Well, as this is a pure python implementation don't expect this to be blazingly fast, even if we cut the recursion inside the levenshtein inner function ASAP, fuzzy matching still requires a lot more operations than exact matching

coveralls commented 5 years ago

Coverage increased (+0.1%) to 99.43% when pulling 9cc6d0b7363009006644cf9a36cd429c951c9d3e on Quantmetry:fuzzy_matching into 50c45f1f4a394572381249681046f57e2bf5a591 on vi3k6i5:master.

spooknik commented 4 years ago

Hello! I tested your code and it works very well for me. One problem is the script throws an UnboundLocalError: local variable 'cost' referenced before assignmentif the input text ends with a symbol like a period, colon, etc. or of the text contains a a symbol like period or colon somewhere.

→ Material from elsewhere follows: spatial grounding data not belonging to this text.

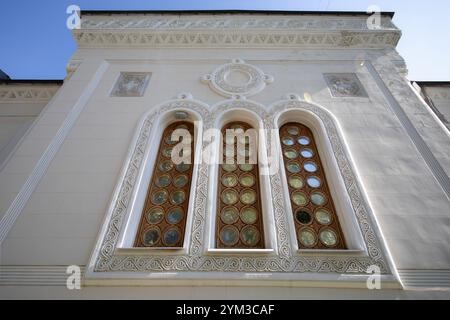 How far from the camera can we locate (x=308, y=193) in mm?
3174

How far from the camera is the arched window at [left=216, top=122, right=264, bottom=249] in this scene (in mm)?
2758

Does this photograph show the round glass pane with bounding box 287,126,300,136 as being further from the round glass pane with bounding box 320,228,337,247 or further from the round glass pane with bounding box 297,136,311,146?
the round glass pane with bounding box 320,228,337,247

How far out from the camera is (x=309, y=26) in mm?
5691

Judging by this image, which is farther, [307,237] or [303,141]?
[303,141]

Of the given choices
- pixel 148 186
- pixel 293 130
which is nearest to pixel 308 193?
pixel 293 130

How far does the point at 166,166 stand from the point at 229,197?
99 centimetres

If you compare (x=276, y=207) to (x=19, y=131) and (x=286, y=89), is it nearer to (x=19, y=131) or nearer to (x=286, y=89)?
(x=286, y=89)

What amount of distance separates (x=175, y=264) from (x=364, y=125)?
10.5 feet

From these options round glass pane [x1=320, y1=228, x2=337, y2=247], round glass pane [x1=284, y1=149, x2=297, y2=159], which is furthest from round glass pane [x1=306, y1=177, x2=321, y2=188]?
round glass pane [x1=320, y1=228, x2=337, y2=247]

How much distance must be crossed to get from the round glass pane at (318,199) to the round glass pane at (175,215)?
1.54 meters

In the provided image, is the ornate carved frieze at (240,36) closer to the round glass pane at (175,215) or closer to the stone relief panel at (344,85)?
the stone relief panel at (344,85)

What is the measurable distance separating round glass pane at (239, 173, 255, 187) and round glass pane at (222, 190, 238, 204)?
19 centimetres

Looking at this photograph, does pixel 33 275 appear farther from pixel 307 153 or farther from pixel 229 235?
pixel 307 153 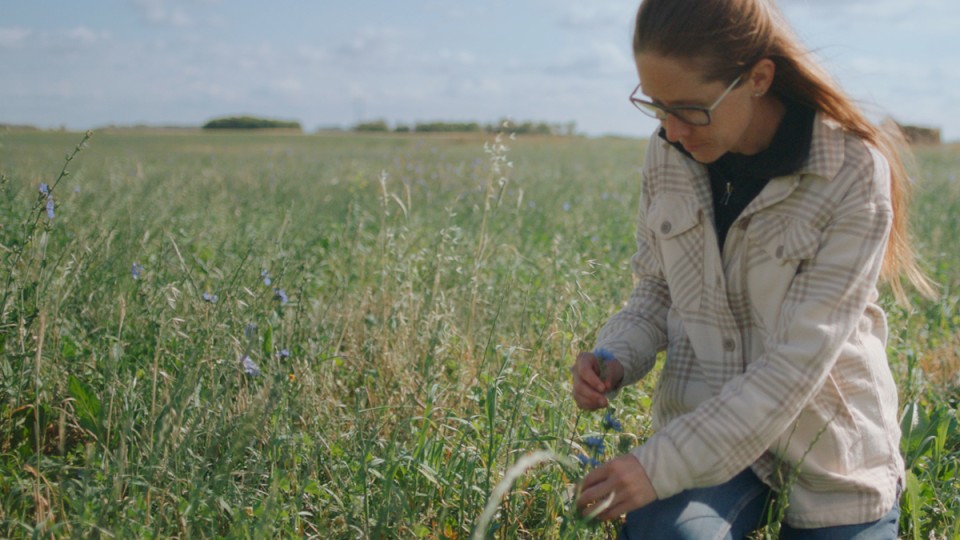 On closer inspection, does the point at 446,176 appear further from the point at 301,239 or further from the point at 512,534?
the point at 512,534

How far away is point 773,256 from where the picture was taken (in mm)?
1722

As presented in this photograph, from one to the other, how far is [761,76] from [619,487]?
0.82 m

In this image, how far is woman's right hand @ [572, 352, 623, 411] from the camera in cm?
183

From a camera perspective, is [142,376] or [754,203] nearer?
[754,203]

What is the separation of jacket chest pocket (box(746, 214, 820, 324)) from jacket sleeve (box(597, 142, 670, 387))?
0.94 ft

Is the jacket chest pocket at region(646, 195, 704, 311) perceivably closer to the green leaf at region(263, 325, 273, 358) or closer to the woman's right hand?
the woman's right hand

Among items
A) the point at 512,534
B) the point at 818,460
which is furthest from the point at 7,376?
the point at 818,460

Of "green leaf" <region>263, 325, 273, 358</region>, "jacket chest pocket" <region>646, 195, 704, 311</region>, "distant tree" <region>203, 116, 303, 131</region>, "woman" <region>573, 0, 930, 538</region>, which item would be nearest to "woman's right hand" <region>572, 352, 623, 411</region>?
"woman" <region>573, 0, 930, 538</region>

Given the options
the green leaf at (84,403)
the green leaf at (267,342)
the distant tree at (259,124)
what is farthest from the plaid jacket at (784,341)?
the distant tree at (259,124)

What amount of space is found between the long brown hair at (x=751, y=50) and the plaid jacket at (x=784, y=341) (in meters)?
0.05

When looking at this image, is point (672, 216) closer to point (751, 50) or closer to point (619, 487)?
point (751, 50)

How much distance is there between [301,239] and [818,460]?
3340 millimetres

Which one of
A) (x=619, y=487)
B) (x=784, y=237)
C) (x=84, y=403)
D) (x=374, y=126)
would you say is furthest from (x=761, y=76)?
(x=374, y=126)

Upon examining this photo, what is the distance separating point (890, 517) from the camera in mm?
1761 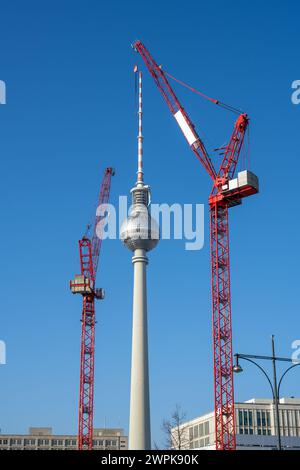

File "C:\Users\User\AppData\Local\Programs\Python\Python37-32\lib\site-packages\flashtext\keyword.py", line 656, in replace_keywords
    ({}, 0, 0)
  File "C:\Users\User\AppData\Local\Programs\Python\Python37-32\lib\site-packages\flashtext\keyword.py", line 786, in levensthein
    yield from self._levenshtein_rec(char, node, word, rows, max_cost, depth=1)
  File "C:\Users\User\AppData\Local\Programs\Python\Python37-32\lib\site-packages\flashtext\keyword.py", line 806, in _levenshtein_rec
    yield from self._levenshtein_rec(new_char, new_node, word, new_rows, max_cost, depth=depth + 1)
  File "C:\Users\User\AppData\Local\Programs\Python\Python37-32\lib\site-packages\flashtext\keyword.py", line 806, in _levenshtein_rec
    yield from self._levenshtein_rec(new_char, new_node, word, new_rows, max_cost, depth=depth + 1)
  File "C:\Users\User\AppData\Local\Programs\Python\Python37-32\lib\site-packages\flashtext\keyword.py", line 806, in _levenshtein_rec
    yield from self._levenshtein_rec(new_char, new_node, word, new_rows, max_cost, depth=depth + 1)
  [Previous line repeated 6 more times]
  File "C:\Users\User\AppData\Local\Programs\Python\Python37-32\lib\site-packages\flashtext\keyword.py", line 802, in _levenshtein_rec
    yield node, cost, depth
UnboundLocalError: local variable 'cost' referenced before assignment

remiadon commented 4 years ago

@spooknik I will try to update it ASAP For the moment I would say instantiate cost at the beginning at the function (lines 789-791) like

def _levenshtein_rec(self, char, node, word, rows, max_cost, depth=0): 
    n_columns = len(word) + 1
    new_rows = [rows[0] + 1]
    cost = 0

This is a mistake from my side, it's usually a bad practice to instantiate a variable in a scope (a for loop in this case) and access it out from the scope ...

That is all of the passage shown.